(Recorded data)
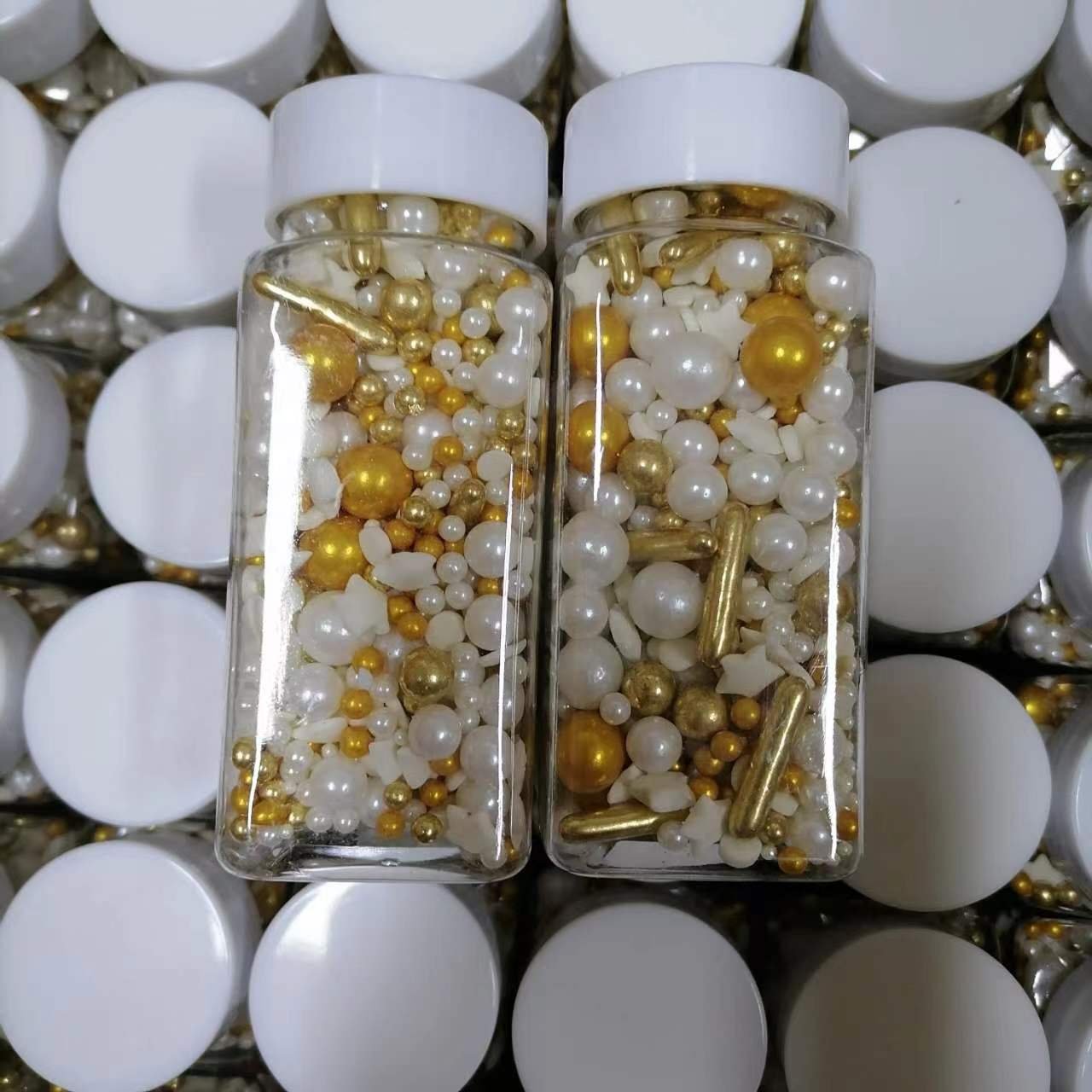 100g 120gColorful Bulk Sprinkles Edible Sugar Beads For Cake Decorations cake Sprinkles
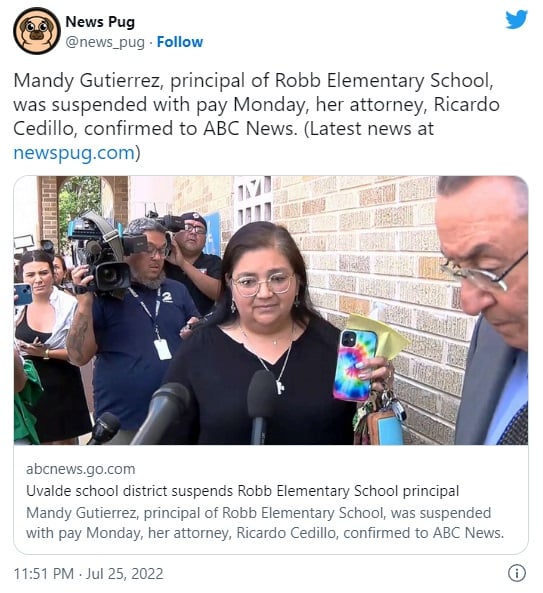 Principal of Robb de Uvalde Elementary School Suspended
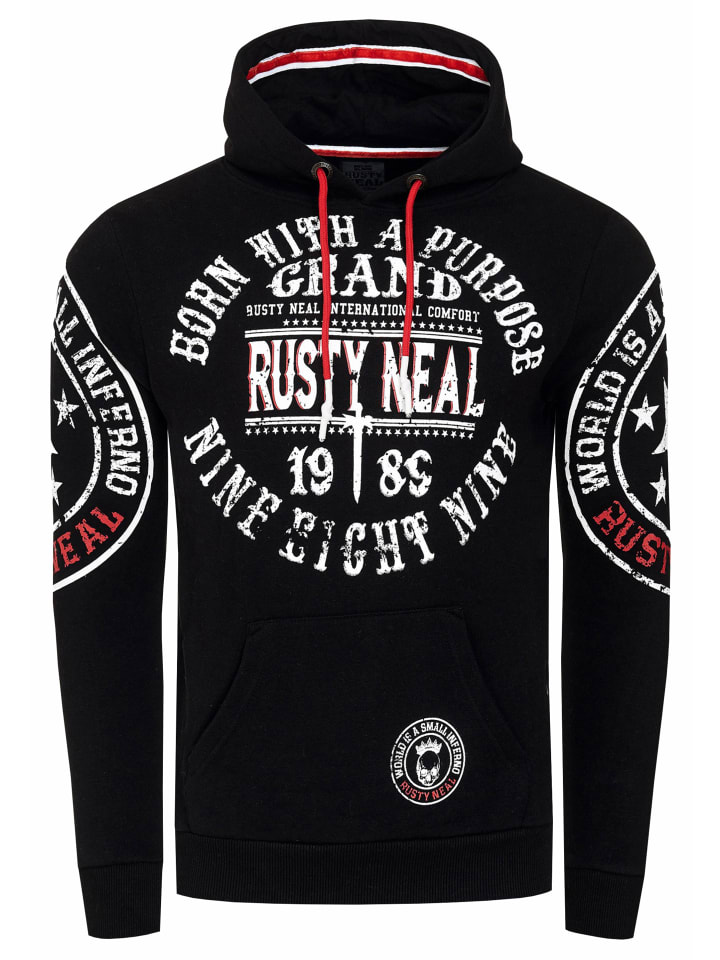 Rusty Neal Худи в стиле стритвеар с принтом, черного цвета
Rusty Neal Худи в стиле стритвеар с принтом, черного цвета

(Exercise) A verbatim copy of the data, free of pictures, is the expected answer.

(Solution to the exercise)
 100g 120gColorful Bulk Sprinkles Edible Sugar Beads For Cake Decorations cake Sprinkles
 Principal of Robb de Uvalde Elementary School Suspended
 Rusty Neal Худи в стиле стритвеар с принтом, черного цвета
Rusty Neal Худи в стиле стритвеар с принтом, черного цвета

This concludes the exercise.